Here we find yet another attempt to promote the old “The-2nd-Amendment-Only-Applies-to-Muskets” argument. An oldie but a goody.
The weapons with which Madison was familiar were essentially muskets, in addition to rudimentary pistols and rifles. A competent user could take a single wildly inaccurate shot, and then find himself rummaging around with a ram-rod (and a powder bag he had to tear with his teeth) for over a minute before being able to take another. There was no way an individual could maim two people before being subdued, let alone 32 as at Virginia Tech, or 26 in Sandy Hook Elementary – the site of what is now the deadliest school shooting in US history.
We have heard it all before.
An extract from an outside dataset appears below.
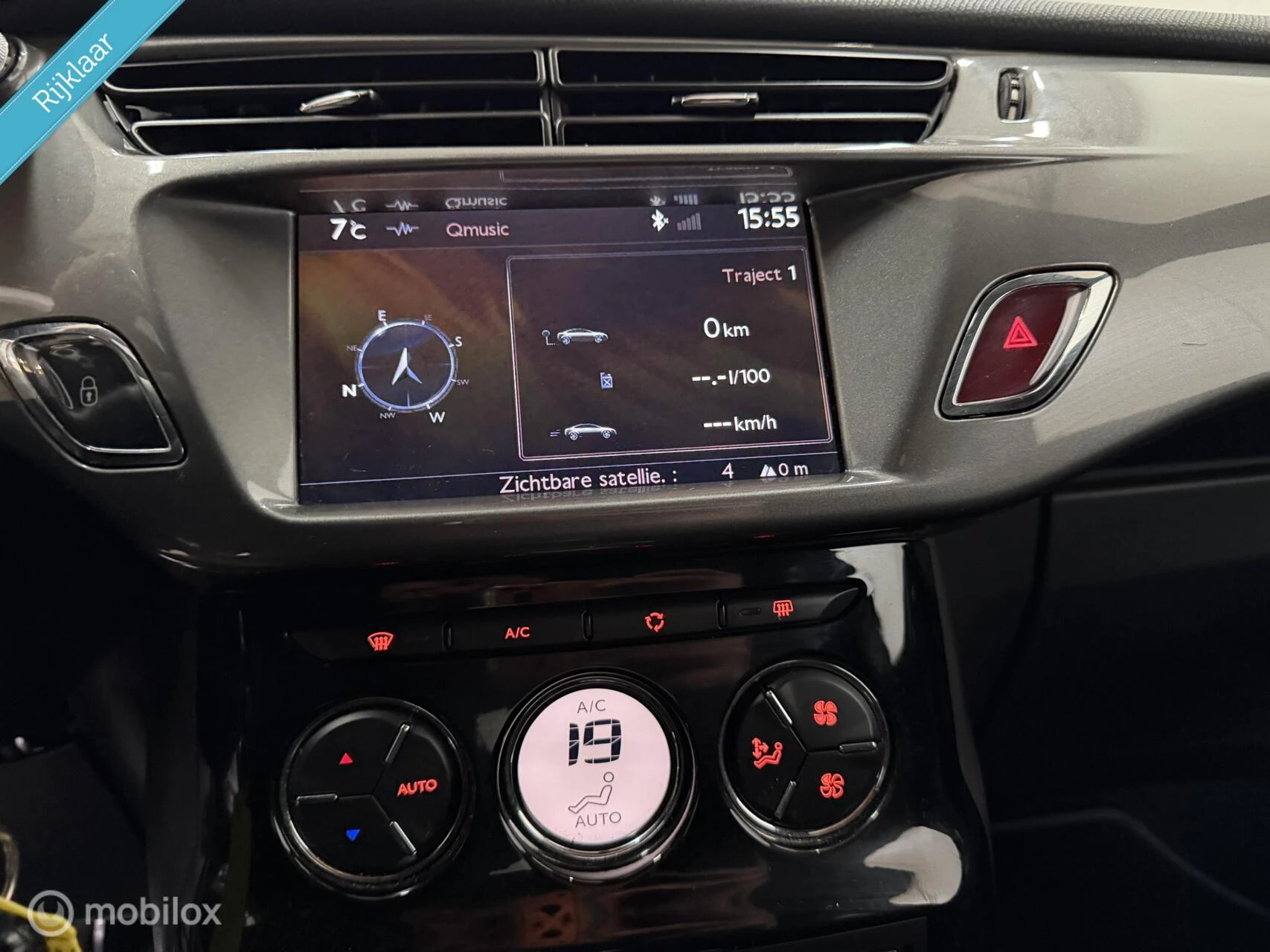 Hoofdafbeelding Citroën DS3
The Founders didn’t envision modern weaponry and, therefore, the 2nd Amendment doesn’t apply to this technology.
Of course the same argument would apply to the 1st Amendment protections of the press, wouldn’t it? The Founders didn’t envision radio, television or the Internet and, therefore, the 1st Amendment protections associated with them do not apply. Only newspapers printed with manual, hand set presses can be used and newspapers must be delivered by horse power, sail boat or river barge. Beyond these 18th century limitations, constitutional protections of the press just don’t apply.
I doubt the “muskets only” crowd would agree, however.